Одета, правда, она была как цыганка – в отдающие запахом мочи разноцветную юбку до пят и синюю спортивную кофту.

        Когда же она, отвечая на мой первый вопрос, раскрыла рот, то обнаружила такие огромные и кривые клыки, что я тут же позвал конвойного, а сам как можно спокойнее пошел в уборную изолятора, где меня буквально вывернуло наизнанку.

        Вернувшись в камеру, я предъявил Тане обвинение в соучастии в убийстве, заправил в печатную машинку бумагу и начал допрос.

        Таня родилась в Житомире 26 лет назад. Росла единственным ребенком в бедной семье, без отца. Ее мать, работала в ЖЕКе дворничихой. Проживали вдвоем в однокомнатной хрущевке. Таня по причине легкой олигофрении (умственная отсталость) училась в интернате для детей с отклонениями в развитии. Потом устроилась дворничихой в тот же ЖЕК, где работала и мать.
        В апреле этого года, в городском парке, где подметала дорожки, она познакомилась с Николайом Чулюком. За бутылкой он сообщил ей, что служит в главном разведывательном управлении, имеет звание полковника и сейчас направляется в отпуск на Ровенщину, к матери. Сказал, что не женат и что будет не против, если Таня поедет с ним. Будучи слегка умственно отсталой, Таня не обратила внимания на внешний вид Чулюка.
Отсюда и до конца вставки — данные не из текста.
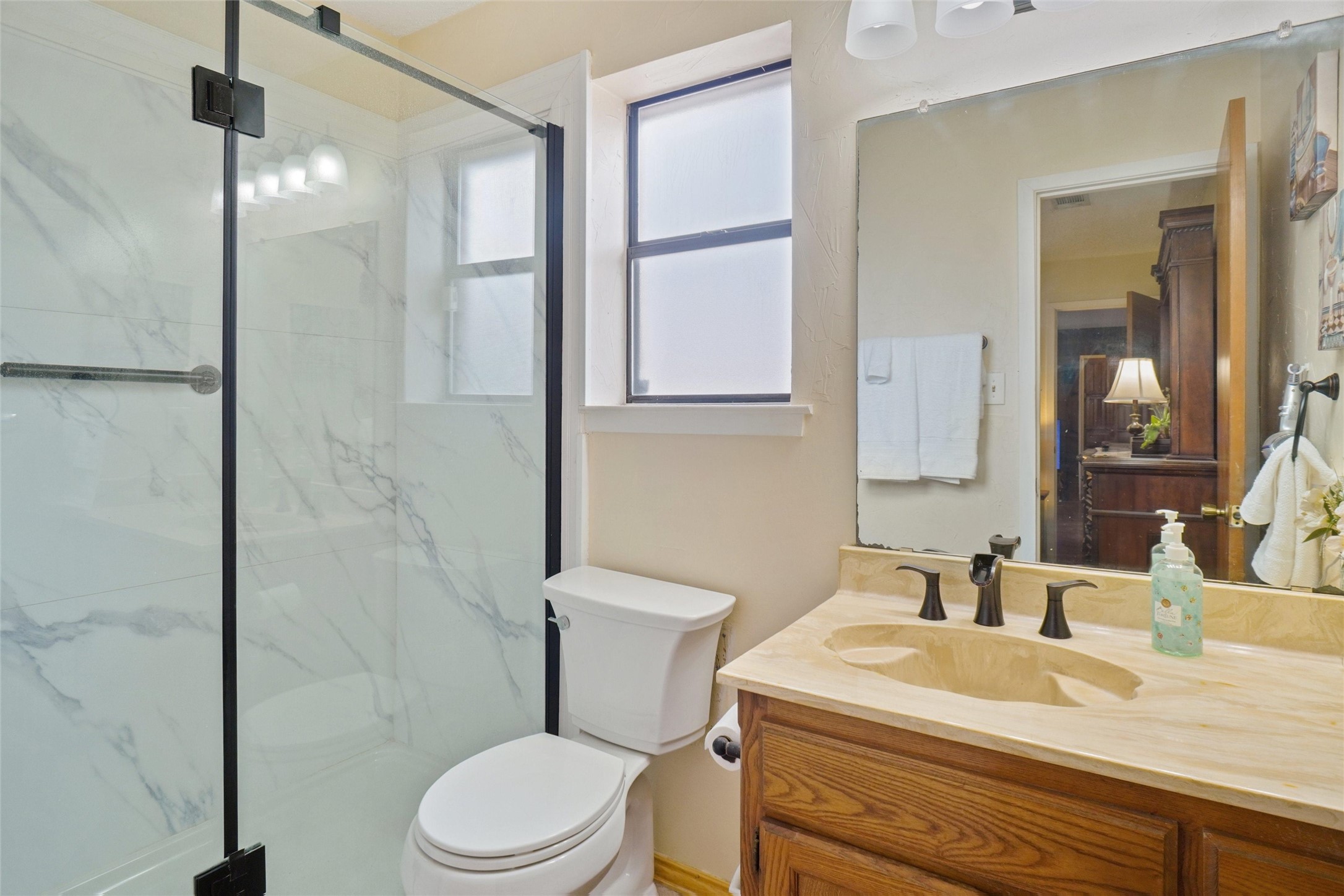 6425 Greenfield Court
Тот где-то с неделю не брился, а одет и обут был в грязные обноски.
        В тот же день, не предупредив ни мать, ни начальника, она вместе с Коляном, на электричке уехала в Рафаловку. По прибытии они поселились то ли в доме, то ли в сарае вместе с Толиком и Катериной – матерью двух непутевых братьев, ранее неоднократно судимой за кражи у соседей.
        Для Тани началась новая жизнь. По утрам всей "семьей" на помойках и лесных свалках они искали металлолом и бутылки. Иногда находили одежду и еду, а однажды даже нашли порнографические журналы. Днем на вырученные деньги пьянствовали, а вечерами устраивали оргии, к которым присоединялась и Катерина, которую инцест с сыновьями совершенно не смущал. Потом опять напивались и засыпали. Таня привыкла к этому образу жизни и другого уже не представляла.
      
        Я спросил у нее, был ли Николай сексуальным извращенцем. Она уверенно ответила, что был, но в чем конкретно проявлялись его извращения, объяснить не смогла, не смотря на все мои усилия. Замечу, что в ней почти отсутствовали фантазия и эмоции. Таня напоминала биоробота из фантастических фильмов, излагающая монотонную речь с неподвижным выражением лица.

        Описание первой половины того дня, когда была убита Лена, полностью совпадало с вышеизложенными показаниями Толика.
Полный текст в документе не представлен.